How our energy transition stock lists are built and maintained.
This page covers
- What it takes for a company to be included on (or removed from) a list
- Where the numbers come from and how often they’re refreshed
- The update process, quality controls and how to report an error
The database
Every stock list on this site is generated from a single research database tracking 460+ publicly traded companies — their exchange listings, market capitalizations and their roles in the energy transition.
What it takes to be on a list
- Publicly traded. Every company has a live listing on a recognized exchange (or, where noted, OTC).

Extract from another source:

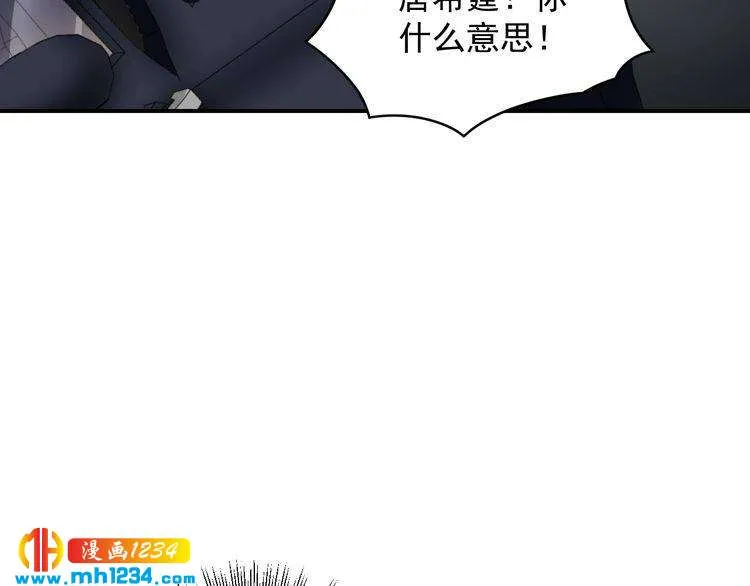 第37话 无理要求 第17页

Private companies appear only in news coverage, never on lists.
- Meaningful exposure to the theme. Each company is classified by where it sits in the value chain — miner, processor, equipment maker, developer, operator — and a company joins a list only when the theme is a material part of its business, not a press-release sideline. Composite lists (e.g. battery metals) aggregate their member lists.

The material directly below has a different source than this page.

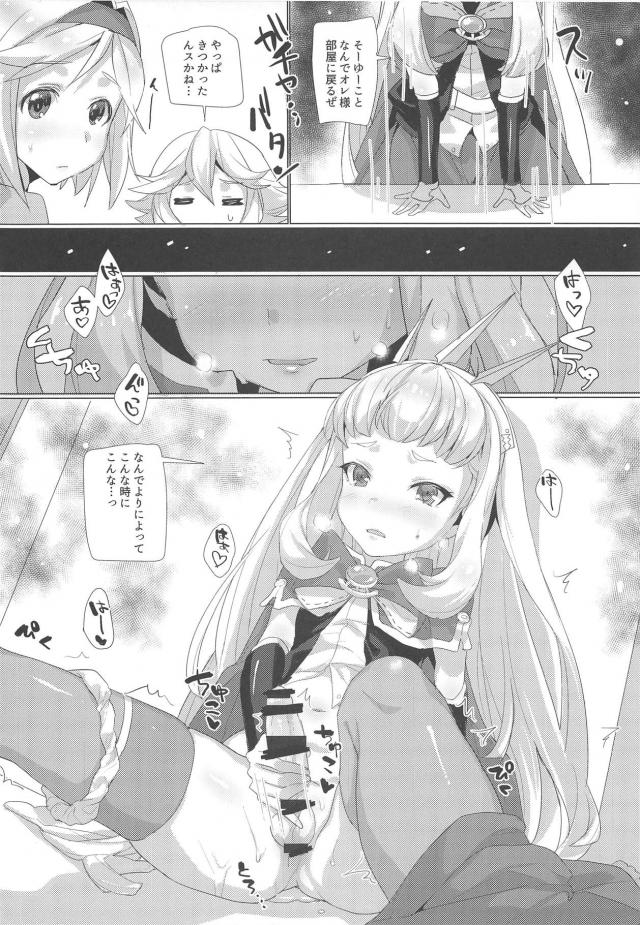 カリオストロとジータの攻守交代ふたなりセックス <> 003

- Judgment, disclosed. Inclusion is ultimately an editorial call. When it’s borderline, the company’s expandable panel explains what the exposure actually is, so you can judge for yourself.
- Complete by design. Lists include every qualifying listed company, from mega-caps to micro-caps. Size is data, not a filter — every list shows market capitalization, so you can apply whatever floor fits your own risk tolerance.
Companies are removed when they delist, are acquired, or exit the theme — and removals are recorded in the changelog rather than silently disappearing.
Where the numbers come from
- Market capitalizations are sourced from public market data and refreshed on a weekly cycle. Non-USD listings are converted to US dollars, and the exchange rates used are shown on the list page wherever a list includes non-USD listings.
- ETF data (assets under management, expense ratios, holdings) comes from fund sponsors’ published materials and public market data, with per-fund “as of” dates shown on each ETF page.
- Company details (projects, value-chain position, key assets) come from company filings, investor presentations and announcements.
Quality controls
- Anomaly flags: month-over-month market-cap moves of 30%+ are flagged for review; moves of 50%+ block automatic publishing until a human verifies the figure is real (a stock split, an acquisition, an actual re-rating) rather than a data error.
- Audit trail: list changes — companies added or removed, data corrected, descriptions updated — are recorded with a date and reason, and recent changes are published on the stock lists hub.
- Freshness stamps: every list page shows when its data was last updated. If a date looks stale, it is — we don’t fake freshness.
Limitations
Honesty about what this system can’t do:
- Market caps are point-in-time approximations. They’re refreshed weekly, not live, and currency conversion adds its own small imprecision. Treat them as scale indicators, not trading data.
- Company exposure changes faster than filings. A company’s role in a theme can shift between our updates — divestments, pivots and acquisitions can make a classification stale before we catch it.
- Theme classification involves judgment. Reasonable people can disagree about whether a diversified miner is a “copper stock.” We explain our reasoning in the expandable panels, but it remains editorial judgment, not an objective fact.
- Inclusion is not endorsement. Lists describe exposure to a theme. They say nothing about whether a company is a good investment — many companies on these lists are early-stage and may never reach production or profitability.
Corrections
If you spot an error — a wrong ticker, a delisted company, a misclassified business — email feedback@greenstocksresearch.com.
Verified corrections are applied to the database and flow to the live page on the next publish. Material corrections are noted in the changelog.
Nothing on this site is investment advice. Information is provided in good faith from sources believed reliable, but accuracy is not guaranteed — always verify against primary sources and consider professional advice before making investment decisions.